TASK OBJECTIVE: Verbatim, and with nothing else, reproduce the data below from its first line through the line containing "Contemporary 3 Bed".

- - - - -

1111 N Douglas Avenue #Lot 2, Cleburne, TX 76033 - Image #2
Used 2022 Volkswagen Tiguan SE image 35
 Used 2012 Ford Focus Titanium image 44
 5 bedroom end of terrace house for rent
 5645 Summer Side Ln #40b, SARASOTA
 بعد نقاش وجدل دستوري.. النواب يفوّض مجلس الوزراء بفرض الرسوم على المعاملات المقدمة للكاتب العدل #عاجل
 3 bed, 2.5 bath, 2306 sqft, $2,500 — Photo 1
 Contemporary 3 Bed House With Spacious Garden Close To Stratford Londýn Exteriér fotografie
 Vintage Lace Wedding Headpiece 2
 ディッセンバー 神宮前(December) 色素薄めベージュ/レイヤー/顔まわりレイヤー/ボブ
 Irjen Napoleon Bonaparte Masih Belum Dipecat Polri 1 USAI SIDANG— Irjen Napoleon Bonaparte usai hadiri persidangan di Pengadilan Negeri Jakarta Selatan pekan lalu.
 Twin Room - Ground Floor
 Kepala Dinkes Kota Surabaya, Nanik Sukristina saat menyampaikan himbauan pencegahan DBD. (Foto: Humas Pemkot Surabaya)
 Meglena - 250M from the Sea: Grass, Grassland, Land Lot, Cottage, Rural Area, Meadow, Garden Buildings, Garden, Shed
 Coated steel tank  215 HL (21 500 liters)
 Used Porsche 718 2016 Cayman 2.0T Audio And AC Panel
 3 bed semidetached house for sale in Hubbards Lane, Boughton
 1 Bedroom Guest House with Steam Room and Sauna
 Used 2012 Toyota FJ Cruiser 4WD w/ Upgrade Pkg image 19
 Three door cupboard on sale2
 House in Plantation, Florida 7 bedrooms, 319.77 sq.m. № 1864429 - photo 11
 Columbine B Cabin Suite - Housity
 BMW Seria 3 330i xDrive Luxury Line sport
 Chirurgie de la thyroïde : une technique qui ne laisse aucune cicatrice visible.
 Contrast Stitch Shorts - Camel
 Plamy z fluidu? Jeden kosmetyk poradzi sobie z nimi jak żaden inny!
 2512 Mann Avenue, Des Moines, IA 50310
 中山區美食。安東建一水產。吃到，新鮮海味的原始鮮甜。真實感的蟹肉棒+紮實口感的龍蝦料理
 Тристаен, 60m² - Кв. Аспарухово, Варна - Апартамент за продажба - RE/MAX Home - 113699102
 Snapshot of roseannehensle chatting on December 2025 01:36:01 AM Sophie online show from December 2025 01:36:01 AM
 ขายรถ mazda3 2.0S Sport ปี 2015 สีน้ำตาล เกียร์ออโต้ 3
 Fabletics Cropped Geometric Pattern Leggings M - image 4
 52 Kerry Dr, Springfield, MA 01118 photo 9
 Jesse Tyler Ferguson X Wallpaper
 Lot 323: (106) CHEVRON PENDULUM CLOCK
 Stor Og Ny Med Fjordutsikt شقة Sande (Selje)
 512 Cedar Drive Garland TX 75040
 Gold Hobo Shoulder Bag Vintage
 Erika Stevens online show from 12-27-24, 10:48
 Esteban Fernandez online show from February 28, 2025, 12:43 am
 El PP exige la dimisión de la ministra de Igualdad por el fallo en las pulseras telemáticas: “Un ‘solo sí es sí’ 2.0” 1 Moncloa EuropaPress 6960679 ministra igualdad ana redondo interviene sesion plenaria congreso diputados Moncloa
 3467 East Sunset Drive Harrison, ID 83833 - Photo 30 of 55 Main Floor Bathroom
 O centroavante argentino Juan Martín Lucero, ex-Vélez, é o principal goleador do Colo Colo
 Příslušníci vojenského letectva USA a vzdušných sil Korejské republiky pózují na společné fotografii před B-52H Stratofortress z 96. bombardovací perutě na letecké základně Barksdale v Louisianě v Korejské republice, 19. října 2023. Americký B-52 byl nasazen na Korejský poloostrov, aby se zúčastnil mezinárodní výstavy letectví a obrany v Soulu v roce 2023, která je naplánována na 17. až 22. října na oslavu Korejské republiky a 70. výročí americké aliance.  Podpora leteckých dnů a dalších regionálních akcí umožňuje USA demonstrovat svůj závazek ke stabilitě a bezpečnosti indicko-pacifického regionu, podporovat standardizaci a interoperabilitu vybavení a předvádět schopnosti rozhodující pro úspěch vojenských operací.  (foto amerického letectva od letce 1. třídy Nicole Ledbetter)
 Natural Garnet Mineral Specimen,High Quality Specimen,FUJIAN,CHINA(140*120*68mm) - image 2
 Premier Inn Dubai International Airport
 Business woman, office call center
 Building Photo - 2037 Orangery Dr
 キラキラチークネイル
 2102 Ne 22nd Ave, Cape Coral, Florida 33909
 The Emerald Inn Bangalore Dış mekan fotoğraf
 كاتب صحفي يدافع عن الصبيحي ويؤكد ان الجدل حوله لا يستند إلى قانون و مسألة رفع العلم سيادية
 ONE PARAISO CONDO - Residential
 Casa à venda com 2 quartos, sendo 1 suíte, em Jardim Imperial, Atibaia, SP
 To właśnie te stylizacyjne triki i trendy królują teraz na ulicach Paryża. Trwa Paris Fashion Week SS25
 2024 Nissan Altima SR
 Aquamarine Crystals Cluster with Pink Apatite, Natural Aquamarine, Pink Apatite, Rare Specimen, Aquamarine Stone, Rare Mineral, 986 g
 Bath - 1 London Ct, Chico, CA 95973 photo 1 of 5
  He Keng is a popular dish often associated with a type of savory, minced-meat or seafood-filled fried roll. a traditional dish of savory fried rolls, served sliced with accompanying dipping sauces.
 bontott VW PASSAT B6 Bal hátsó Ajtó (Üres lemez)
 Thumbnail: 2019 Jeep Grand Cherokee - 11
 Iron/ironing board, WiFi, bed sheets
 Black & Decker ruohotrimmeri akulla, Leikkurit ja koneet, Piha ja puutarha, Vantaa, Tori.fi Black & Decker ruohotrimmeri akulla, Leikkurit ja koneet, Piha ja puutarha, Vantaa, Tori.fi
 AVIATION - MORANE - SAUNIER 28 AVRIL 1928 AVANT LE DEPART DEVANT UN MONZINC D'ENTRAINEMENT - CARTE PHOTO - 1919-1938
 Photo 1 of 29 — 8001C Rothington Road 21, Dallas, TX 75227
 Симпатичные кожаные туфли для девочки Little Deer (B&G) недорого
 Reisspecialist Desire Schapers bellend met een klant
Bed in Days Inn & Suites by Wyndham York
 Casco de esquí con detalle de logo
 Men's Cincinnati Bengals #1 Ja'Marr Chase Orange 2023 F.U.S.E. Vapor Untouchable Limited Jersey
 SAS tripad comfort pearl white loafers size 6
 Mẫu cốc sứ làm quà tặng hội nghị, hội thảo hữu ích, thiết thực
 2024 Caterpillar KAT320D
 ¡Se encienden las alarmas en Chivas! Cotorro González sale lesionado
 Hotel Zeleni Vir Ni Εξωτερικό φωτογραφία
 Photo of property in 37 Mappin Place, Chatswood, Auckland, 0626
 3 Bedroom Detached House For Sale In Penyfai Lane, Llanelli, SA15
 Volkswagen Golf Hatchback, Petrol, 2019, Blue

- - - - -

YOUR RESPONSE:
1111 N Douglas Avenue #Lot 2, Cleburne, TX 76033 - Image #2
Used 2022 Volkswagen Tiguan SE image 35
 Used 2012 Ford Focus Titanium image 44
 5 bedroom end of terrace house for rent
 5645 Summer Side Ln #40b, SARASOTA
 بعد نقاش وجدل دستوري.. النواب يفوّض مجلس الوزراء بفرض الرسوم على المعاملات المقدمة للكاتب العدل #عاجل
 3 bed, 2.5 bath, 2306 sqft, $2,500 — Photo 1
 Contemporary 3 Bed House With Spacious Garden Close To Stratford Londýn Exteriér fotografie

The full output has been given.